My daughter has a bit of a bad problem, does your child have such a bad problem ?

Updated on parenting 2024-07-13
4 answers
  1. Anonymous users2024-02-12

    Is it capricious? Self-willedness is a bad tendency that tends to occur in a child's personality, which is manifested as a high degree of self-centeredness, doing whatever he wants, and not listening to advice.

    There are two main reasons for willfulness, one is that children are limited by their cognitive level, and they are not good at thinking about problems from the perspective of others, and only consider their own needs and emotions. In particular, children aged 3-4 years old have improved their mobility much more than before the age of 3, so they pursue autonomy in activities and try to express their will, and enter the so-called "first resistance period" period, often refusing to do things according to their parents' intentions. Second, due to improper family education, parents spoil their children excessively, obey their children, and even accommodate unreasonable requests, forming the habit of self-centeredness in children.

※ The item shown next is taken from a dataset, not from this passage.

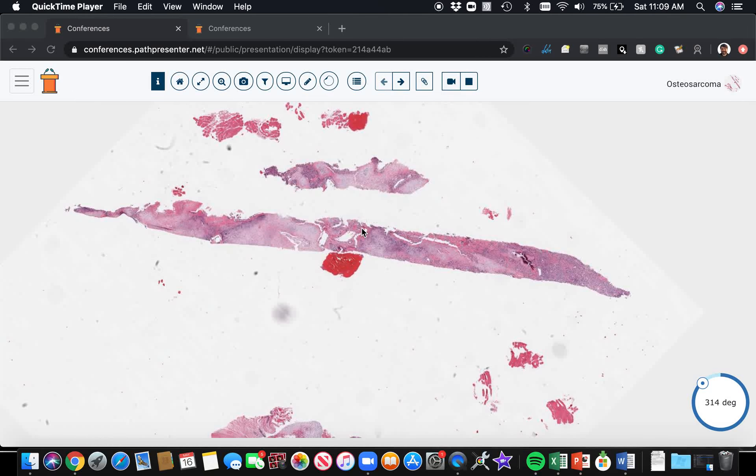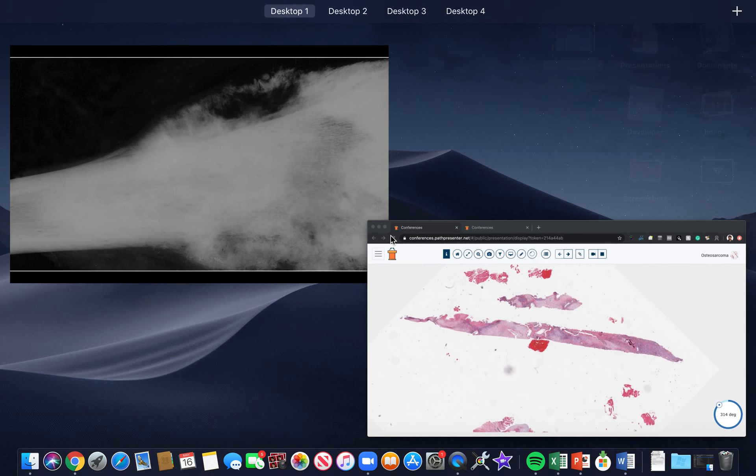Case number one is an example of osteosarcoma. Let me start by showing you a radiograph. Here is a nice classic example of osteosarcoma. They have a wide range of radiologic features and microscopic features, so I'm just going to show you a couple classic images here.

    When something goes wrong, the child will cry and fuss until the parent gives in. The child soon discovers that as long as he insists, the parent will always give in. As a result, he developed a willful personality.

    Therefore, from the very beginning, parents should insist on loving but not spoiling, and explain the reason with their children in case of trouble, so that children know how to respect the different opinions of others and not be self-centered.

    For children who have formed a willful personality, parents should be good at regulating and guiding. When your child may be willful, take the initiative to divert their attention.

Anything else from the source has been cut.